> SOURCE MATERIAL
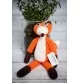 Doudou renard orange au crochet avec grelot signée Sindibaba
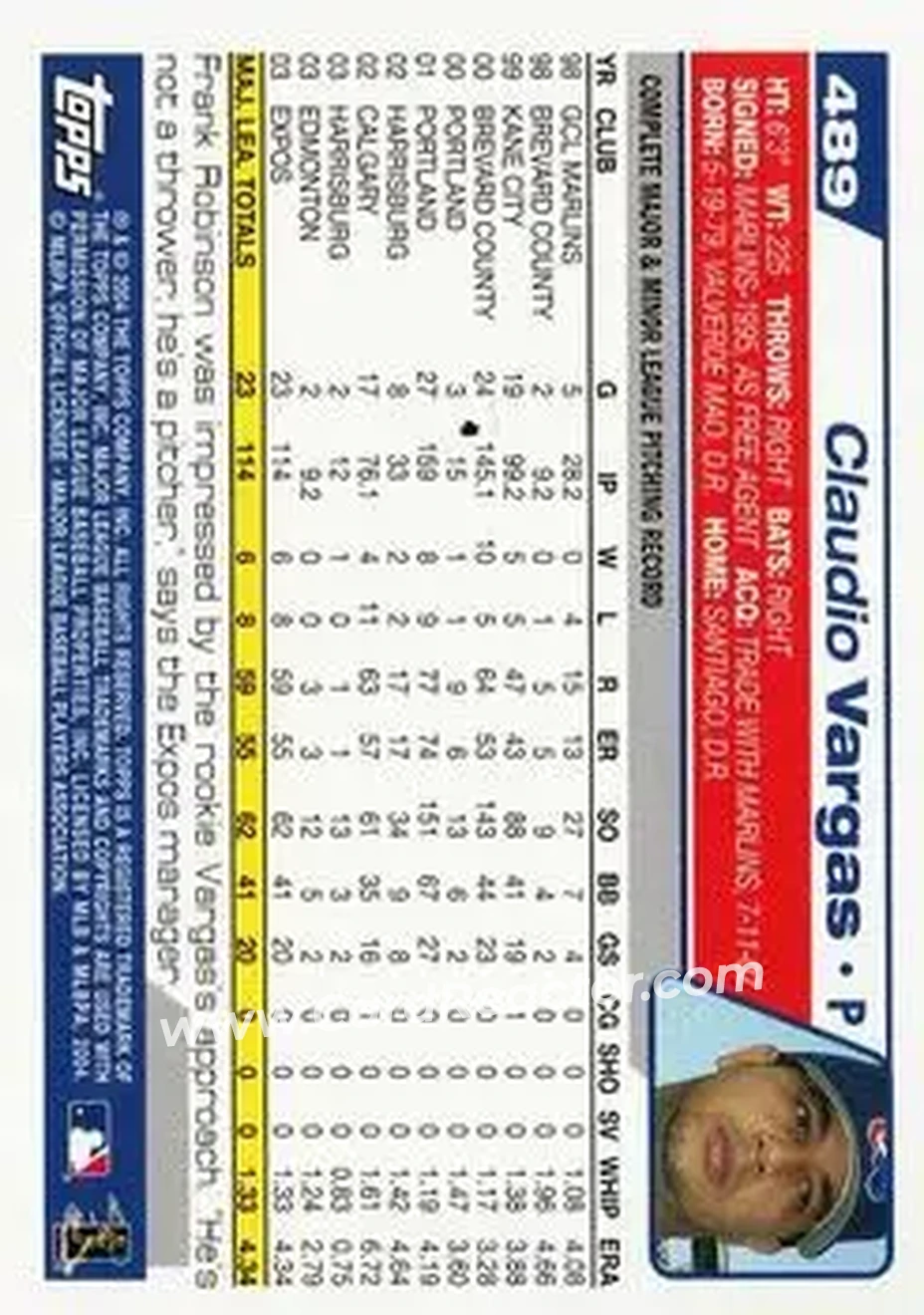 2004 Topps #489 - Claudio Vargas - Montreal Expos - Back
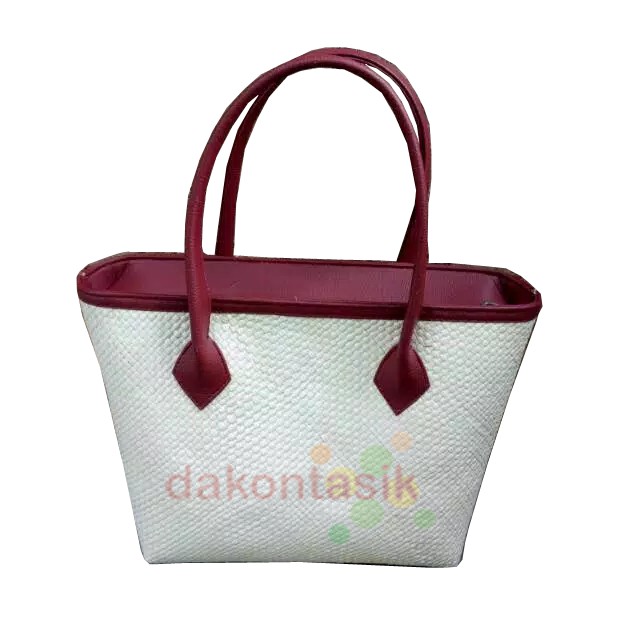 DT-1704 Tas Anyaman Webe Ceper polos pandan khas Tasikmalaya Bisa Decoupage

> TASK INSTRUCTIONS
Transcribe the whole listing exactly but exclude images.

> EXERCISE SOLUTION
 Doudou renard orange au crochet avec grelot signée Sindibaba
 2004 Topps #489 - Claudio Vargas - Montreal Expos - Back
 DT-1704 Tas Anyaman Webe Ceper polos pandan khas Tasikmalaya Bisa Decoupage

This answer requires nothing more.